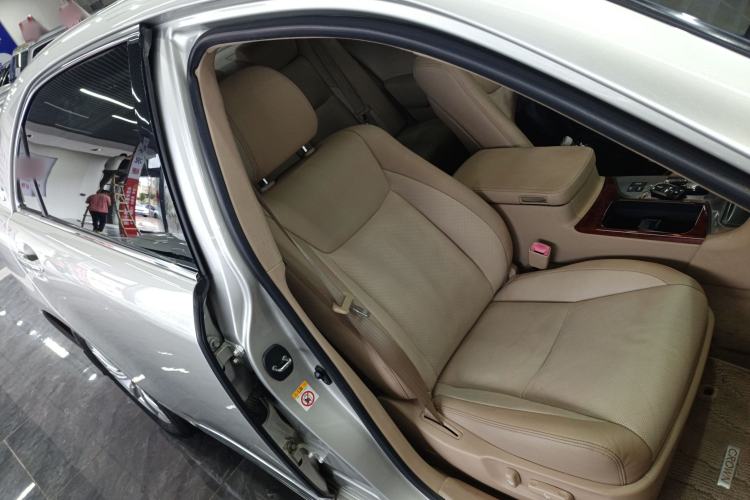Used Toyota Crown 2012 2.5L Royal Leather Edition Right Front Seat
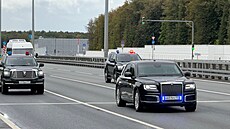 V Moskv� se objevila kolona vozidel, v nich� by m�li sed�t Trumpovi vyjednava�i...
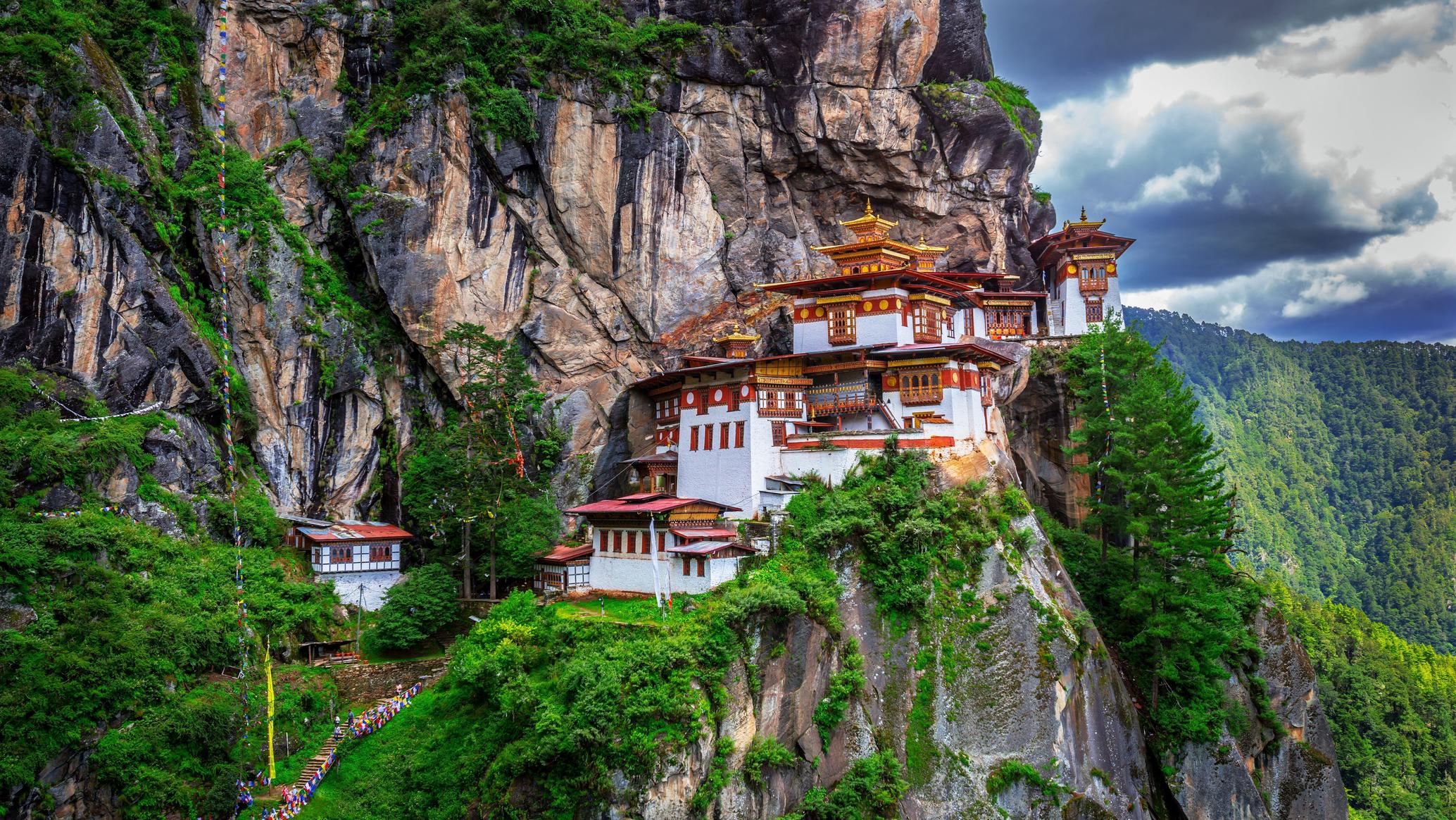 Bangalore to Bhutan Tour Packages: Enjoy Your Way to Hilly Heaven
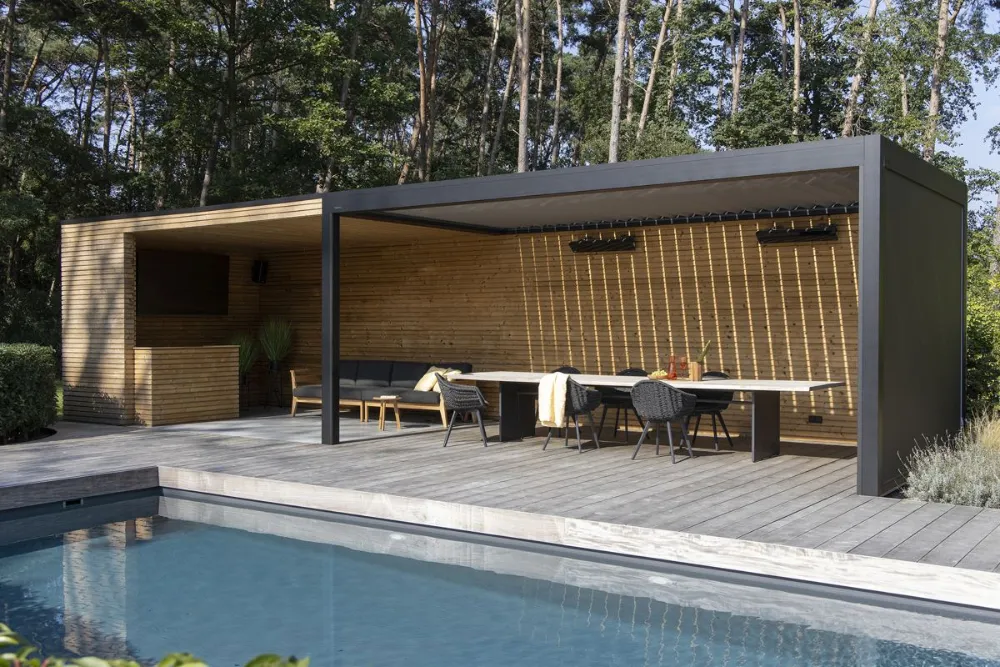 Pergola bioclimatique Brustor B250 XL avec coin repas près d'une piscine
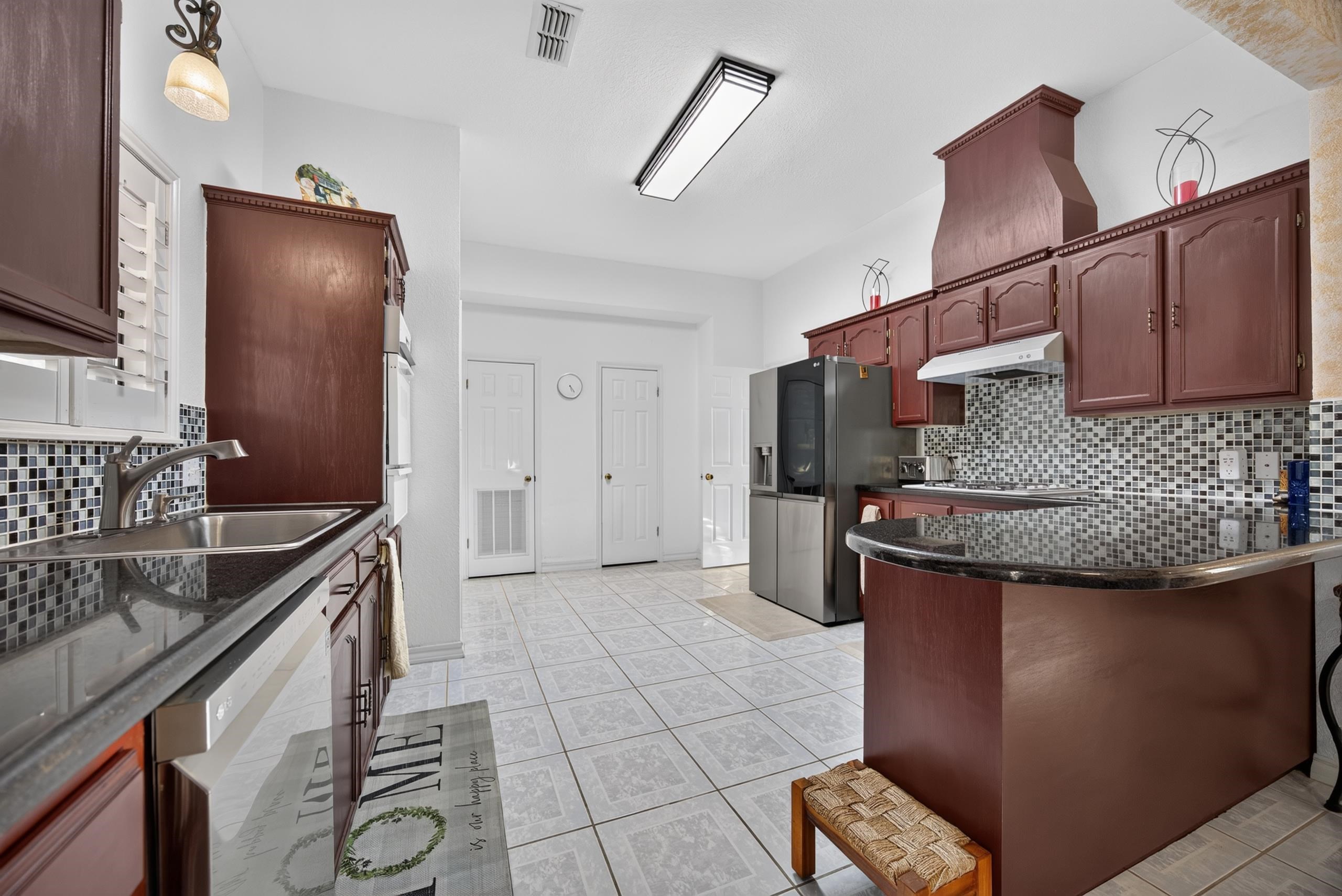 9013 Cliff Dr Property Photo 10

■ **YOUR OBJECTIVE**
Without the pictures, reproduce every line of the records above exactly.

■ **SOLUTION FOR THIS EXERCISE**
Used Toyota Crown 2012 2.5L Royal Leather Edition Right Front Seat
 V Moskv� se objevila kolona vozidel, v nich� by m�li sed�t Trumpovi vyjednava�i...
 Bangalore to Bhutan Tour Packages: Enjoy Your Way to Hilly Heaven
 Pergola bioclimatique Brustor B250 XL avec coin repas près d'une piscine
 9013 Cliff Dr Property Photo 10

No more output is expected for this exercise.